Parrington managed to find a position as assistant professor of English at the University of Washington in Seattle. In 1912, he was promoted to full professor. He was a highly popular teacher whose courses on American literature and thought drew impressive enrollments. He appears to have begun work in 1913 on what would become Main Currents in American Thought: An Interpretation of American Literature from the Beginnings to 1920 (1927-1930). A related article, “The Puritan Divines, 1620-1720,” appeared in the first volume of The Cambridge History of American Literature (1917). He edited and wrote the introduction to The Connecticut Wits, published in 1926. Apart from Main Currents in American Thought, Parrington’s other publications did not amount to much: an occasional review, a few encyclopedia articles, a brief appreciation of the novelist Sinclair Lewis, and an essay, “The Development of Realism,” in The Reinterpretation of American Literature (1928). Parrington married Julia Rochester Williams on July 31, 1901; the couple had two daughters and a son.
Life’s Work
As a student at the College of Emporia, Parrington had accepted without question his father’s allegiance to the Republican Party, the school’s Presbyterian religious orthodoxy, and belief in the inevitability of progress. At Harvard, exposure to Darwinian ideas eroded his religious faith. During his first years of teaching, his interests were primarily literary and aesthetic. Parrington dabbled at writing poetry, and he was strongly impressed by English utopian socialist William Morris’s attacks on the shoddiness and commercialism of the machine age and extolling of the work of the Middle Ages, which Morris romanticized as the time when craftsmanship reigned supreme. By the late 1890’s, however, under the impact of the agrarian revolt that swept over Kansas, the major focus of Parrington’s interest had shifted to reform politics. “I become,” he confessed in 1918, “more radical with each year, and more impatient with the smug Tory culture. . . .” His Populist sympathies shaped his approach in Main Currents in American Thought. “The point of view from which I have endeavored to evaluate the materials,” he admitted, “is liberal rather than conservative, Jeffersonian rather than Federalistic. . . .”
The first volume, dealing with the period from settlement to 1800, was turned down by the first two publishers to whom Parrington submitted the manuscript, because of doubts about its sales potential. He was so discouraged that he abandoned work on the projected second volume. The literary critic and historian Van Wyck Brooks, however, who had read and liked the manuscript, interested Alfred Harcourt of Harcourt, Brace and Company. Harcourt agreed to publish the work if Parrington would finish the second volume carrying the story to 1860. The two volumes appeared in 1927, with the first bearing the subtitle “The Colonial Mind: 1620-1800” and the second “The Romantic Revolution in America: 1800-1860.” The work was an immediate success; Charles A. Beard spoke for most of the reviewers when he hailed Parrington for writing “a truly significant book . . . that promises to be epoch-making, sending exhilarating gusts through the deadly miasma of academic criticism.” Main Currents in American Thought was awarded the Pulitzer Prize for history in 1928. When liberal or left-wing intellectuals were polled in the late 1930’s about the authors who had most influenced their thinking, Parrington’s name was prominent among those listed. As late as 1952, when a sample of American historians were asked to name their “most preferred” American histories published between 1920 and 1935, Main Currents in American Thought received more votes than any other.

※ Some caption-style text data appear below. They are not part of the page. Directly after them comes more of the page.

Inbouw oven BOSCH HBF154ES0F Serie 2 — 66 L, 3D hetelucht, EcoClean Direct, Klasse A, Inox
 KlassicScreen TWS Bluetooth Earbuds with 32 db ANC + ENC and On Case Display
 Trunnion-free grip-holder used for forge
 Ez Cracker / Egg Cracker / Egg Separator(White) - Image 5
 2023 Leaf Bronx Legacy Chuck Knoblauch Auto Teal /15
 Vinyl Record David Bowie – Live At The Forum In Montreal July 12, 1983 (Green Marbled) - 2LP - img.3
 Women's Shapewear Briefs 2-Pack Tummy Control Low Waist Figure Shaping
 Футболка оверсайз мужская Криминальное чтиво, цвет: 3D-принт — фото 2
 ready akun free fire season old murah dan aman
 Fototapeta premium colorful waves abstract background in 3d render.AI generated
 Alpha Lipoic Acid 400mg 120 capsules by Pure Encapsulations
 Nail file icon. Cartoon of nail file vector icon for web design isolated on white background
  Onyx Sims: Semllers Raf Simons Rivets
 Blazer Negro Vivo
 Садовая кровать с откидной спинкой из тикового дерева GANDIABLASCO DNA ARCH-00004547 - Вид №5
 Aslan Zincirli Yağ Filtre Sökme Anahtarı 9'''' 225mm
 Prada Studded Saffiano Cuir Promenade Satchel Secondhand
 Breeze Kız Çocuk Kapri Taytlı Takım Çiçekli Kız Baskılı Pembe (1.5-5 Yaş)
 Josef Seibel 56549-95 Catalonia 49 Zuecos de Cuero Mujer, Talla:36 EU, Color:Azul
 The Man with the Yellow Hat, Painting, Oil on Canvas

Main Currents in American Thought had the subtitle “An Interpretation of American Literature,” and the larger part of the text was devoted to literary figures. Yet Parrington had scant interest in literature as literature. “With aesthetic judgments,” he confessed in the foreword to volume 2, “I have not been greatly concerned. I have not wished to evaluate reputations or weigh literary merits. . . .” When dealing with the work of literary figures, he focused primarily on their political and social views. Writers who had been uninvolved with such issues were summarily dismissed. Thus, he devoted less than three pages to Edgar Allan Poe and still less to Henry James. He brushed aside criticism on this point with the reply that he was not writing the history of American literature but was rather concerned “with the total pattern of American thought.” As an intellectual historian, however, Parrington had major blind spots. As a later critic pointed out, “he showed slight interest or competence in metaphysics and theology; he scarcely touched scientific thought and development, or the rise of the social sciences; he ignored legal thought, intellectual institutions, and the nonliterary arts.”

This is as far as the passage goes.